Siege of Al-Karak (1183)
|Siege of Kerak|
|Part of Crusades|
|Kingdom of Jerusalem||Ayyubids|
|Commanders and leaders|
|Raynald of Châtillon
King Baldwin IV of Jerusalem
Sheref ad-Din Barghosh †
|8,000 men||22,000 men|
|Casualties and losses|
Kerak was the stronghold of Raynald of Châtillon, Lord of Oultrejordain, 124 km south of Amman. The fortress was built in 1142 by Pagan the Butler, Lord of Montreal. While Raynald ruled, several truces existed between the Christian and Muslim states in the Holy Land, none of which he made any qualms about breaking. The last straw came in 1183 when he organized an expedition around the Red Sea. He captured the town of Aqaba, giving him a base of operations against Islam's holiest city, Mecca. Saladin, the leader of the Muslim forces, could not tolerate this and moved against Raynald's stronghold.
Siege and relief
The Muslims had sought to take Kerak for several years, but now they stretched its defenses to the breaking point. At one point, nine catapults were bombarding the walls and inhabitants within.
Inside the walls, a royal marriage was taking place. Humphrey IV of Toron, Raynald's stepson and heir, was to take the hand of Isabella of Jerusalem, the King's half sister. As the wedding ceremonies continued, Saladin instructed his troops to avoid bombarding the young couple's quarters, but pressure on Kerak continued. Messengers managed to escape the town and take word to the King, Baldwin IV.

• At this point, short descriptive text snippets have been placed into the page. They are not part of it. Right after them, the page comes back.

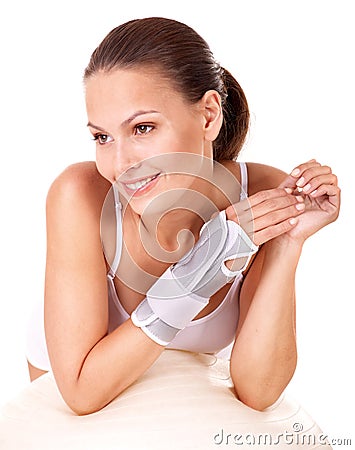 Woman with wrist brace. Stock Photo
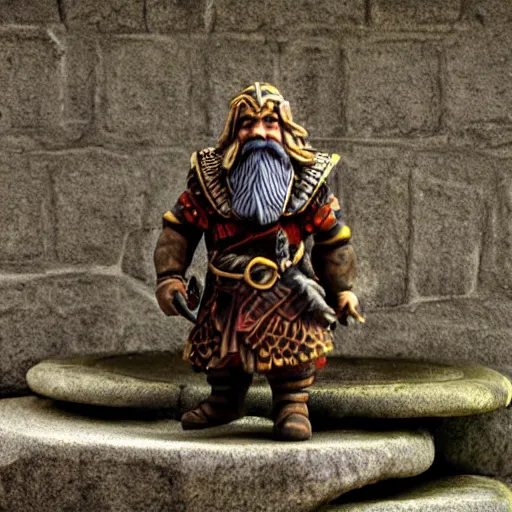 Image similar to Confused warrior dwarf standing on stone spiral staircase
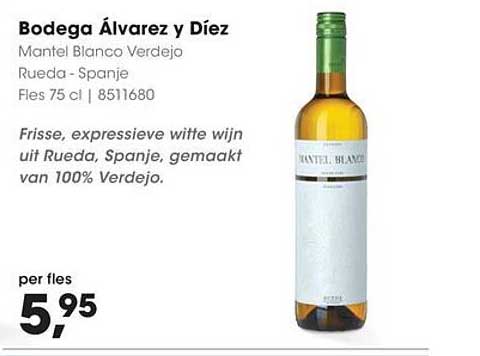 Bodega Álvarez y Diez Mantel Blanco Verdejo Rueda - Spanje Fles 75 cl | 851680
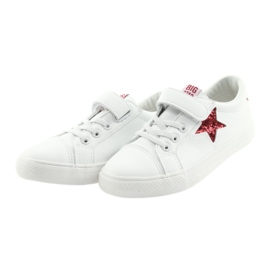 Baskets à scratch Big Star étoile 374102 blanche rouge 3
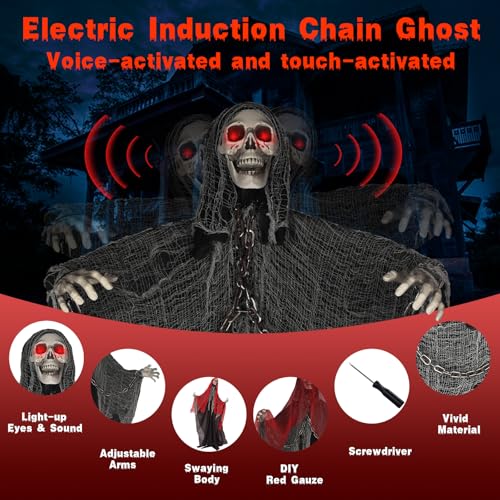 71'' Life Size Halloween Decorations, Halloween Skeleton with Light-Up Eyes & Sound Adjustable Arms Swaying Body Voice/Touch Sensing, Halloween Animatronics for Indoor/Outdoor Yard Lawn Decor, black3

Baldwin immediately marched with a relief force, accompanied by his regent, Raymond III of Tripoli. Although suffering from leprosy since childhood, Baldwin's determination to frustrate Saladin's attempt was such that he led personally, although he had to be carried on a stretcher. The Christian forces arrived while Saladin was still struggling against the heavy fortifications. Knowing he risked being crushed between the royal army and the walls of Kerak, he lifted the siege.
Saladin returned to Kerak again in 1184, with the same result. Kerak remained a Crusader stronghold and a symbol of the West's grip in the region until falling to Muslim control in 1188. The next time the Crusaders had to contend with a major siege, it was at the walls of Jerusalem itself.
The motion picture Kingdom of Heaven contains a fictional portrayal of the siege, in which the Knights of Ibelin and the Ayyubids engage in battle. In the film, the Knights attacked so defenseless citizens could retreat to Raynald's castle. The film portrayed the siege not taking place. Instead, King Baldwin IV and Saladin managed to talk it out with no actual battle taking place. Baldwin IV ended up punishing Raynald for breaking the truce (with Saladin) by attacking a Muslim caravan.